Simon hocha la tête, un soupir sortit de ses lèvres avant qu’il ne passe sa main sur sa barbe naissante, réfléchissant. Ses idées s’étant remises en place, il attendrait que le petit garçon s’en aille pour joindre la police.

  • Où sont tes parents ? Demanda Simon en le regardant attentivement.

L’enfant haussa les épaules, avant de regarder attentivement Simon, ses yeux plongeant dans les siens. Simon sentit une étrange caresse dans sa nuque, une caresse plutôt désagréable. Il tourna la tête, dès l’arrivée du jeune garçon l’atmosphère avait changé et était devenu étrange, bizarre, et surtout difficile à supporter.
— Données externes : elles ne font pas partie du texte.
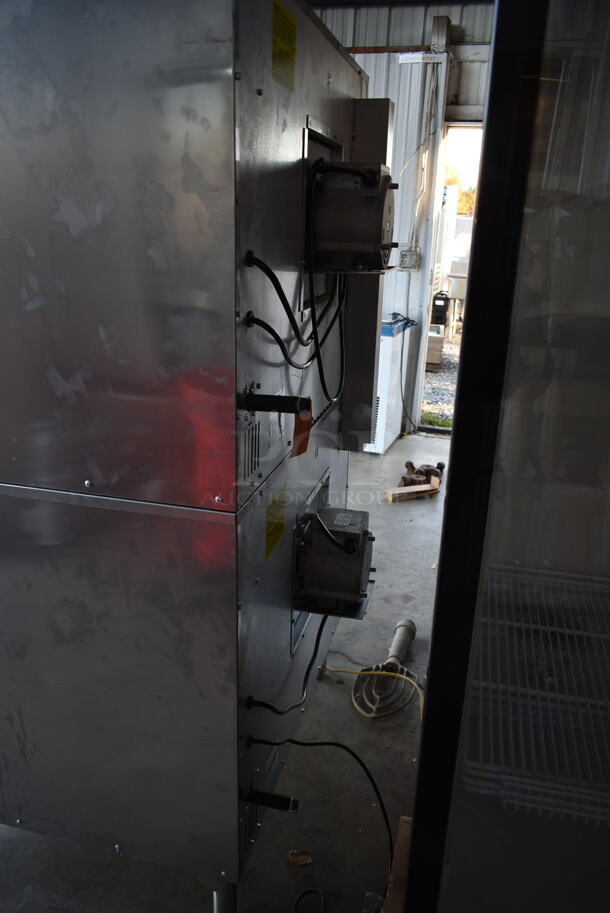 2 LIKE NEW! Vulcan VC5GD-21D1Z Stainless Steel Commercial Natural Gas Powered Full Size Convection Oven w/ View Through Doors, Metal Oven Racks and Thermostatic Controls. 2 Times Your Bid! - Image 11 of 12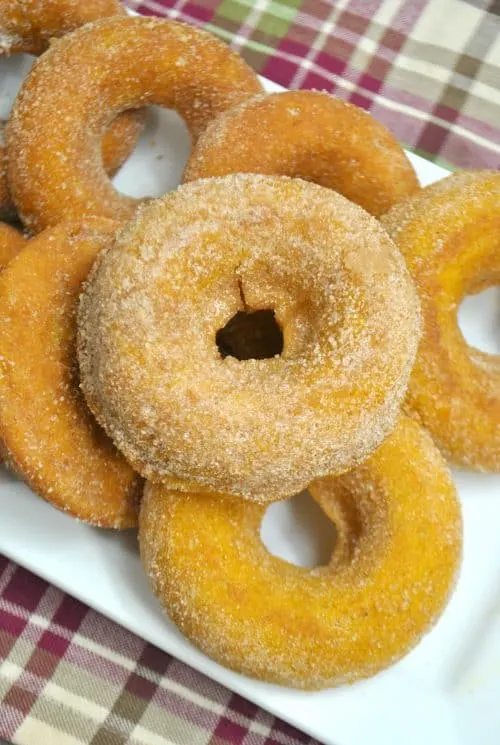 Pumpkin Spice Donut recipe baked donuts on a plate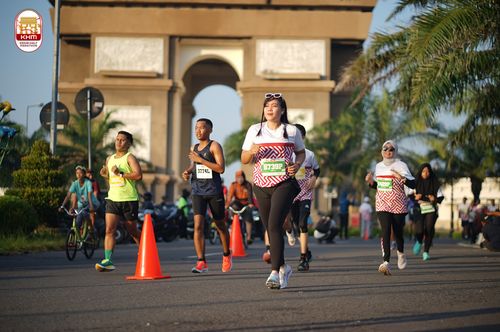 Race photo from Kediri Half Marathon 2024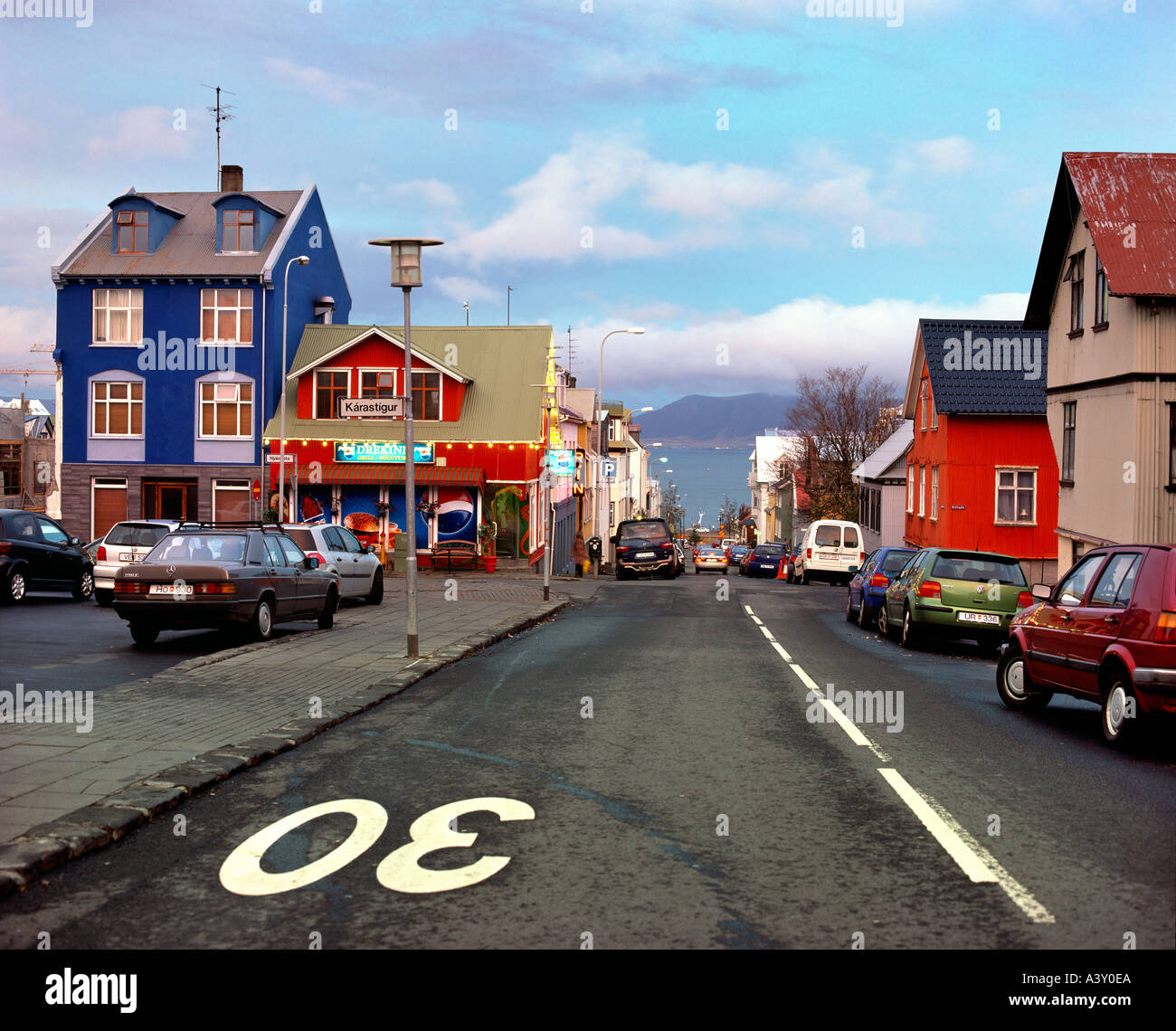 Bunte alte Gebäude im Stadtzentrum von Reykjavik, Island. Stockfoto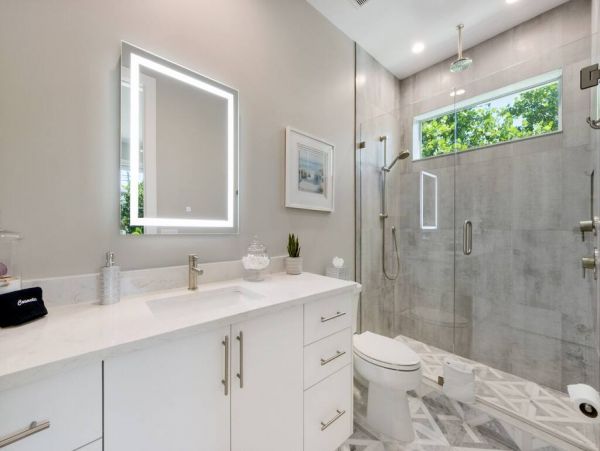 Luxe Rental Located between City Pier and Rod N Reel Pier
La respiration lourde Simon résonnait dans l’air, le vent frappait son dos, alors que les feuilles cachant le corps sans vie de Marianne bougeaient doucement.

  • Papa et maman sont loin… Bien trop loin désormais, lâcha le jeune d’un ton neutre.

Simon ferma les yeux et pinça l’arête de son nez, avant d’entrouvrir les yeux et de regarder le petit garçon attentivement.

  • Tu connais ton adresse je peux te ramener si tu veux… lâcha Simon d’un ton bienveillant.
  • Non.

Simon soupira, cette histoire n’arrangeait rien, il en venait presque à oublier la jeune femme morte.

  • Marianne aime le bateau, sourit-il. Vous pouvez la chercher avec moi ?
    Demanda le petit garçon en s’approchant de Simon. Ce dernier recula et lâcha toujours d’une voix froid.
  • N’approche pas !
  • Mais je cherche Marianne et vous êtes le seul à savoir où est Marianne murmura-t-il. La remarque du petit garçon le fit tiquer avant qu’il ne lève la tête vers lui, surpris et encore plus embrouillé. Il nia une troisième fois.
  • Je ne sais pas où est Marianne lâcha le jeune homme sous tension.
    Son chien se mit à aboyer, avant que l’enfant ne le pointe du doigt.
  • Lui semble au courant…

Simon regarda son chien et lâcha avec fermeté, en regardant le petit garçon pointait du doigt son chien.

  • Retourne d’où tu viens, je ne sais pas où est Marianne… Mais elle n’est pas ici, et moi je vais retourner chez moi, donc tu ferais mieux de faire de même…

Le petit garçon le regarda avant de secouer négativement la tête, ne voulant pas obéir aux paroles de Simon. Ce dernier grogna et attrapa avec fermeté le bras du gamin perdant alors patience. Il l’entraina plus loin et soupira.

  • Va-t’en, je ne peux pas t’aider
  • Pourquoi mentir Jean ? lâcha le petit garçon en regardant Simon.

Un mouvement de recul prit Simon, avant de secouer la tête et de dire :

  • Je ne mens pas ! S’exclama-t-il. Et mon nom est Simon ! Hurla le jeune homme. Un éclair déchira le ciel et des hallebardes tombèrent sur les deux individus.

Simon secoua la tête et regarda ses mains trempées qui se couvraient peu à peu de gouttes rougeâtres.

  • Vous avez tué ma sœur Jean, fuir n’était pas suffisant ! hurla l’enfant la voix désormais plus grave.
  • Non ! Je n’ai jamais tué personne ! Je n’ai jamais fait de mal à personne ! S’écria Simon les larmes aux yeux alors qu’il levait la tête vers le ciel.

Il baissa la tête et face à lui se dessinait une cour de justice, des visages d’inconnus le regardaient attentivement, alors qu’il sentait des regards remplis de jugements, des regards le déterminant comme coupable.

  • Avez-vous tué Marianne Chapelier dans la journée du quatre Octobre deux mille huit ? demanda l’homme en noir.
  • Non ! Je ne la connaissais pas ! hurla Simon revoyant ses mains recouvertes de sang.

Le temps s’était écoulé : une troupe d’hommes et de femmes débarquèrent, plus précisément les jurés de cette affaire s’avancèrent, l’un d’eux resta debout et lâcha :

  • Après délibération le jury de Charleville-Mézières, déclare Monsieur Jean-Simon Chapelier comme coupable…

Comme l’avait si bien pressenti Simon, il n’irait pas pêcher ce jour-là, pas plus que les jours suivants.